_TASK DETAILS:_ Look for the line with "2025新款百搭长款民族风保暖羊绒秋冬季外搭女士披肩两用高级感"; please transcribe it and every later line in the entries exactly, up to the end, leaving pictures out.

Crawled caption data:
★ ★ ★
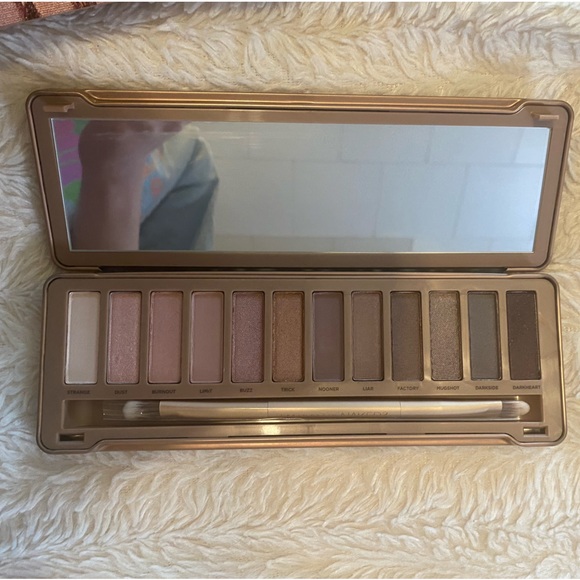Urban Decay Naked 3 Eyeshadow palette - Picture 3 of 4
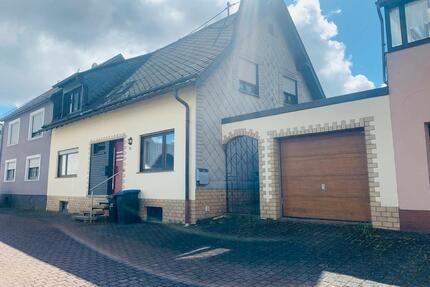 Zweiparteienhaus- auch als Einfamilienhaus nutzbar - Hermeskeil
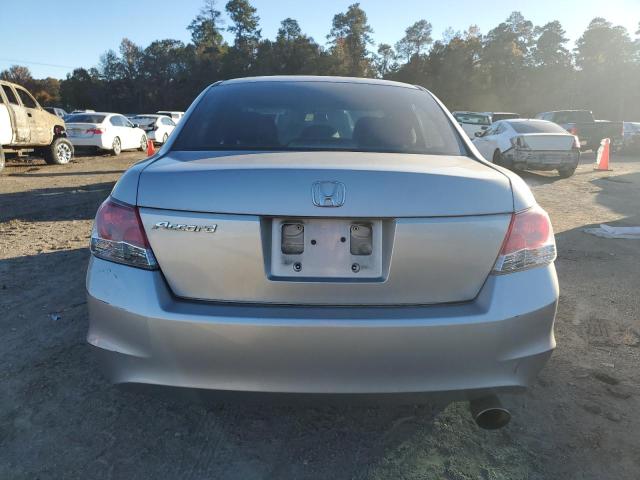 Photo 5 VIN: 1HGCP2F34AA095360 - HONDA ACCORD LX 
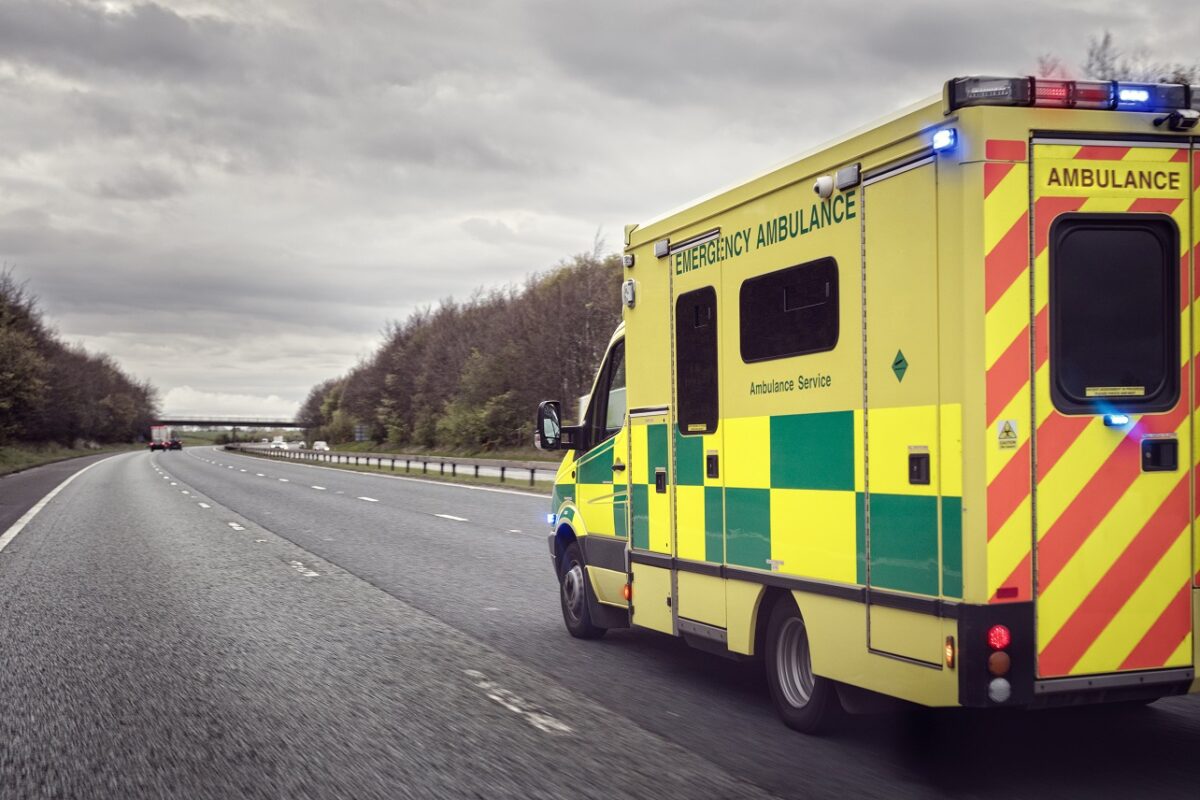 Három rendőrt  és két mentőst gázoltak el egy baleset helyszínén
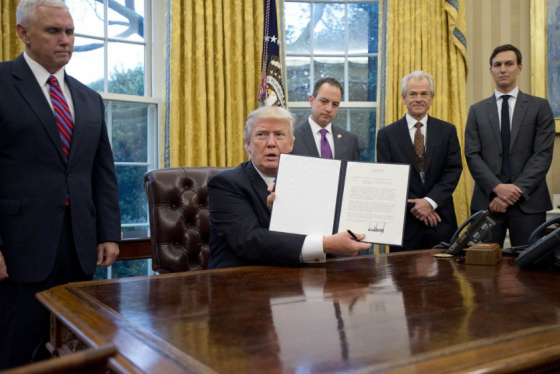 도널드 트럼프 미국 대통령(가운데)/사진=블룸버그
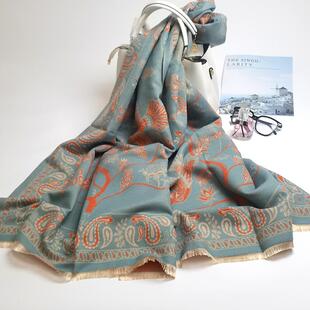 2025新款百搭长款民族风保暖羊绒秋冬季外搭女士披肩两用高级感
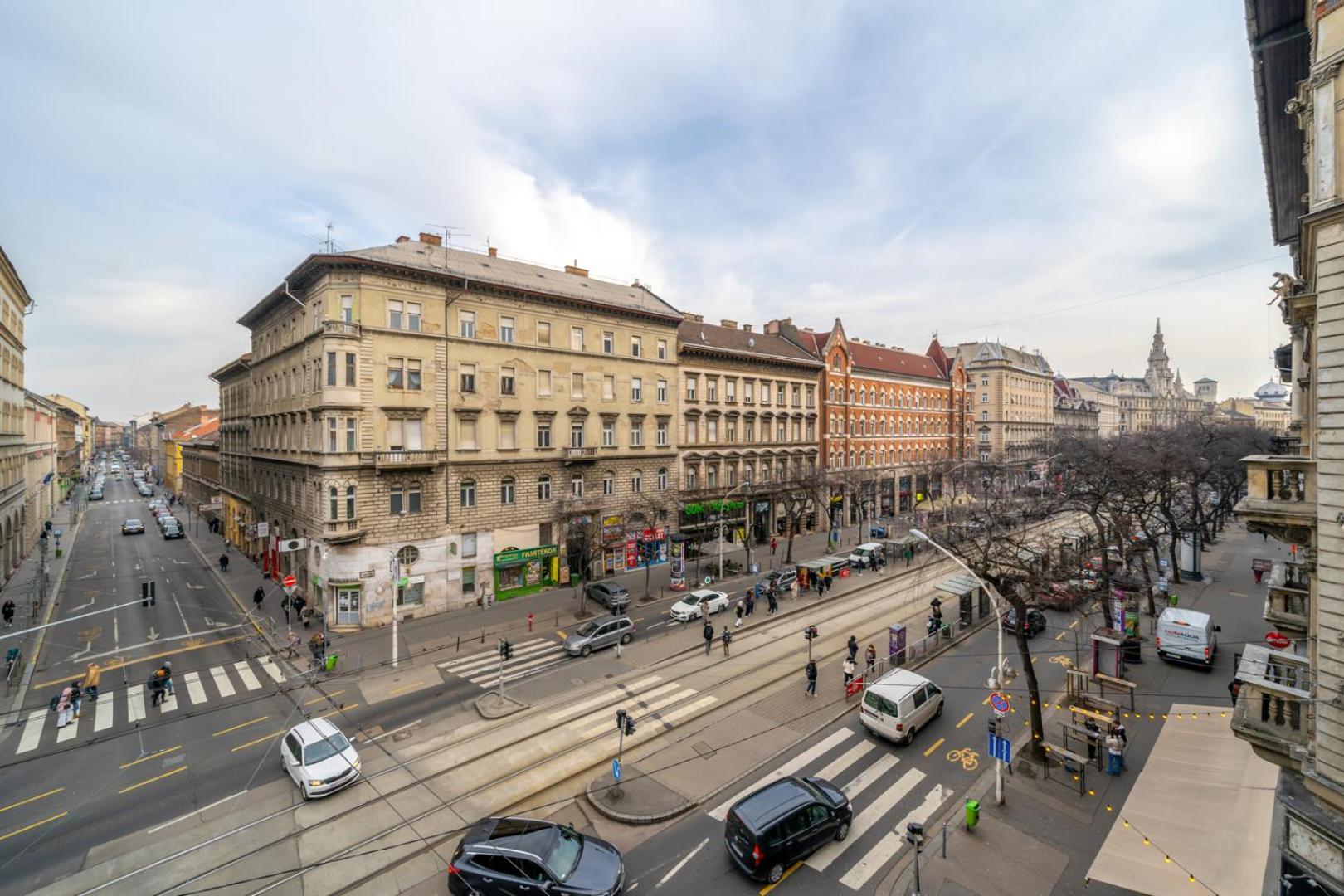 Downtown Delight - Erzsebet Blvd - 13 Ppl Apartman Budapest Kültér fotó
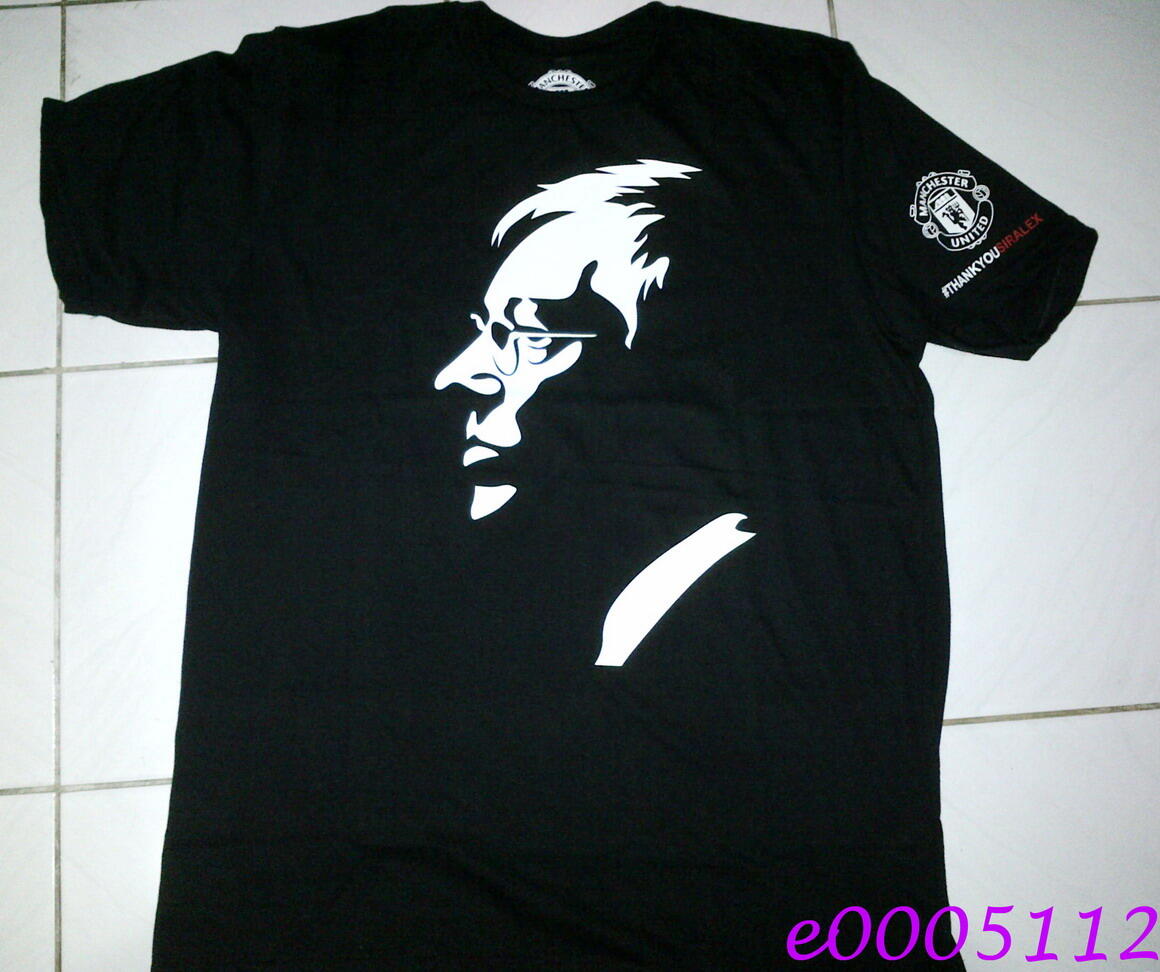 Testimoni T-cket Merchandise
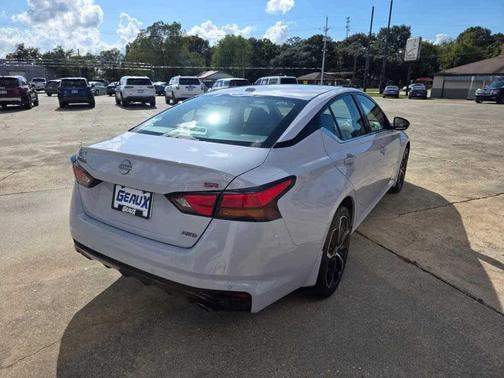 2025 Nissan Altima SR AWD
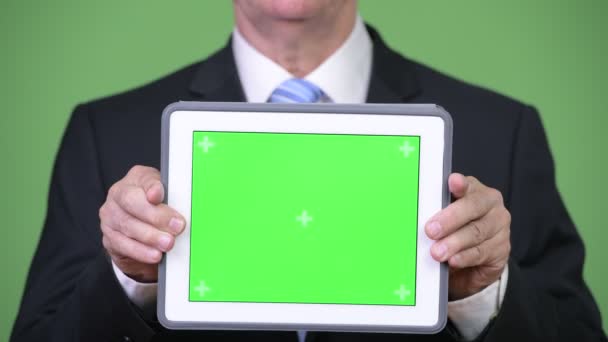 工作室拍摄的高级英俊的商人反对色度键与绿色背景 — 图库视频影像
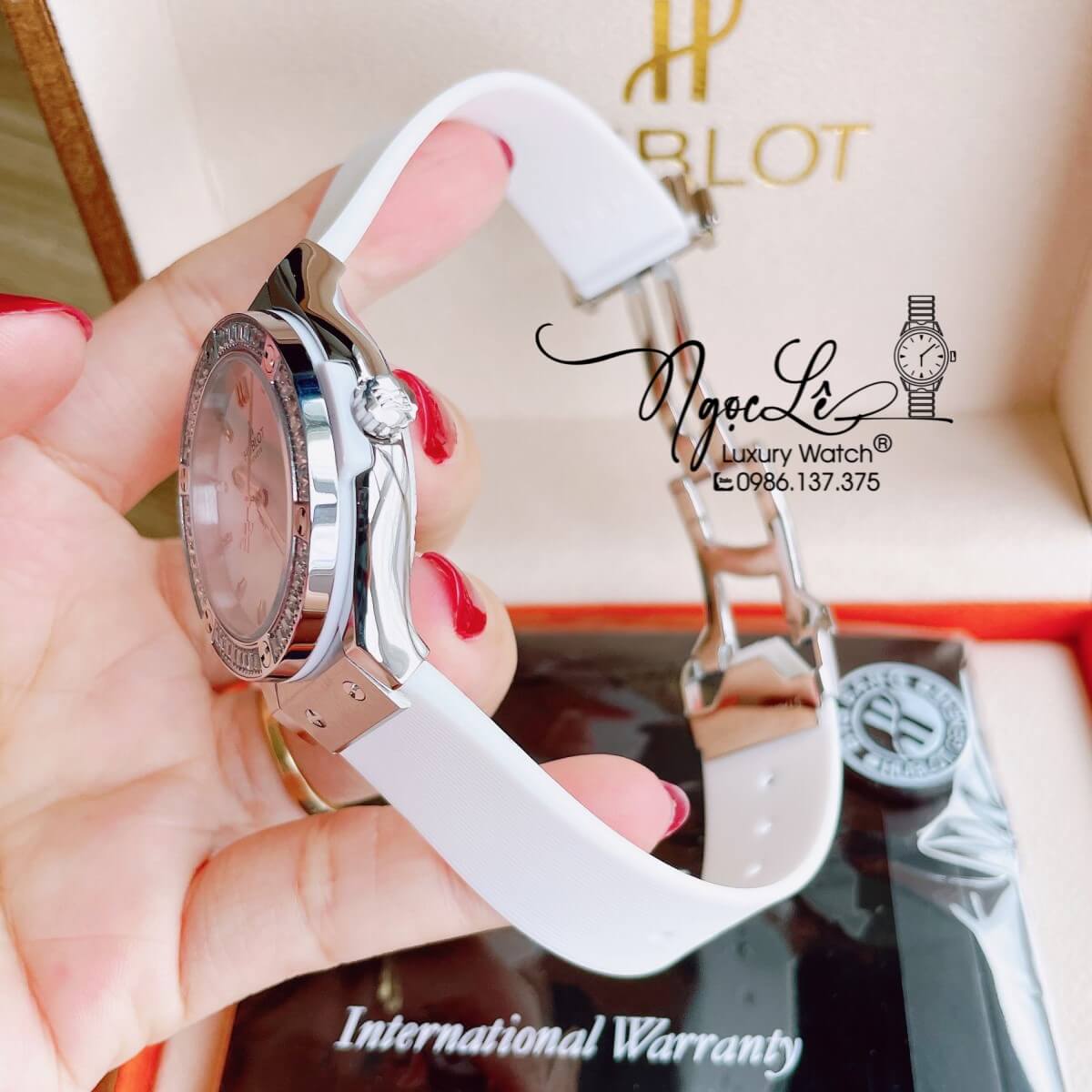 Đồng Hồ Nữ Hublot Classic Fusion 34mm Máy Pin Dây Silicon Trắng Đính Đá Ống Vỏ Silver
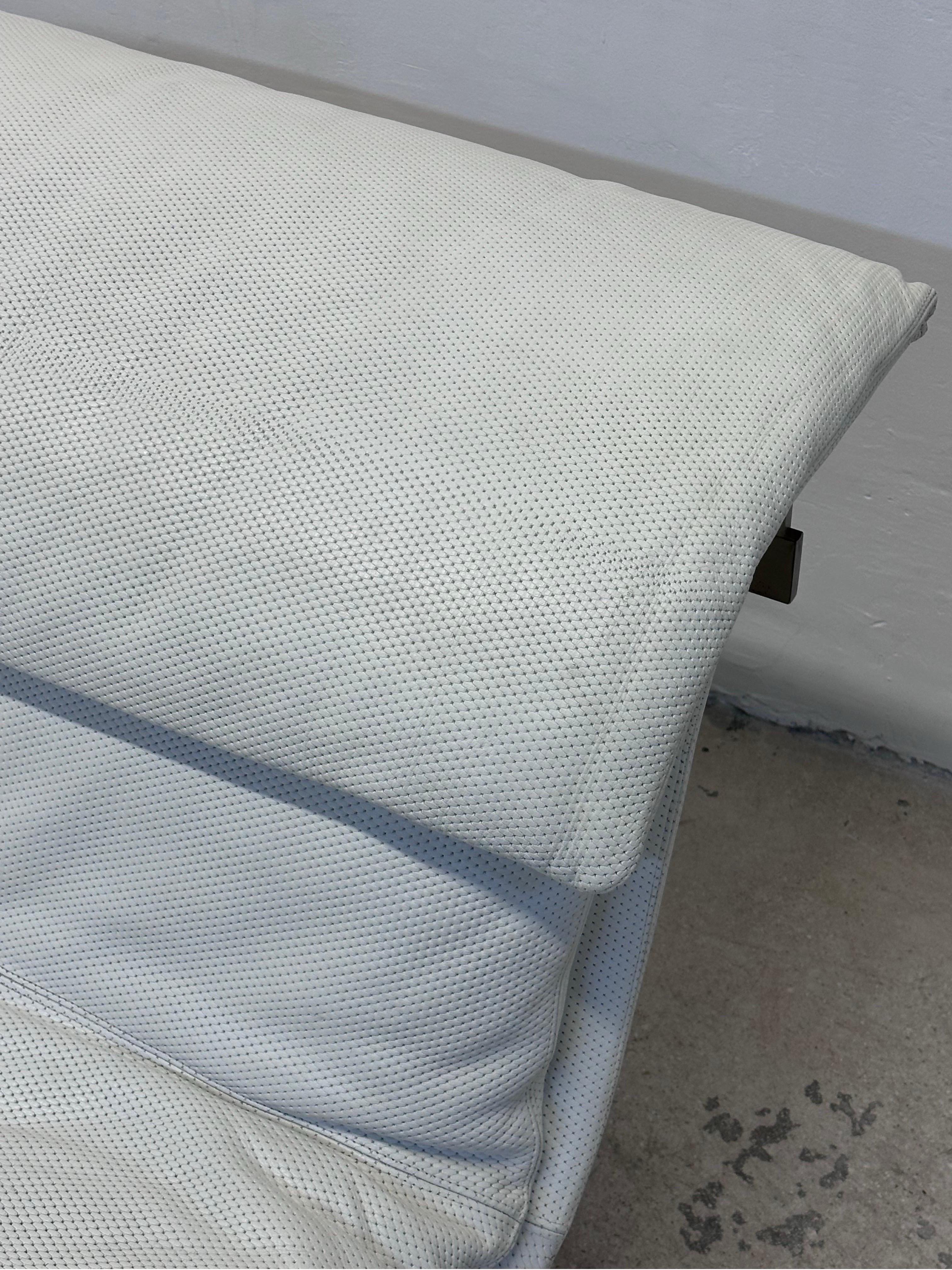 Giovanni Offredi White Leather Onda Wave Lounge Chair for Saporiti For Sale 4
★ ★ ★
_TASK ANSWER:_
 2025新款百搭长款民族风保暖羊绒秋冬季外搭女士披肩两用高级感
 Downtown Delight - Erzsebet Blvd - 13 Ppl Apartman Budapest Kültér fotó
 Testimoni T-cket Merchandise
 2025 Nissan Altima SR AWD
 工作室拍摄的高级英俊的商人反对色度键与绿色背景 — 图库视频影像
 Đồng Hồ Nữ Hublot Classic Fusion 34mm Máy Pin Dây Silicon Trắng Đính Đá Ống Vỏ Silver
 Giovanni Offredi White Leather Onda Wave Lounge Chair for Saporiti For Sale 4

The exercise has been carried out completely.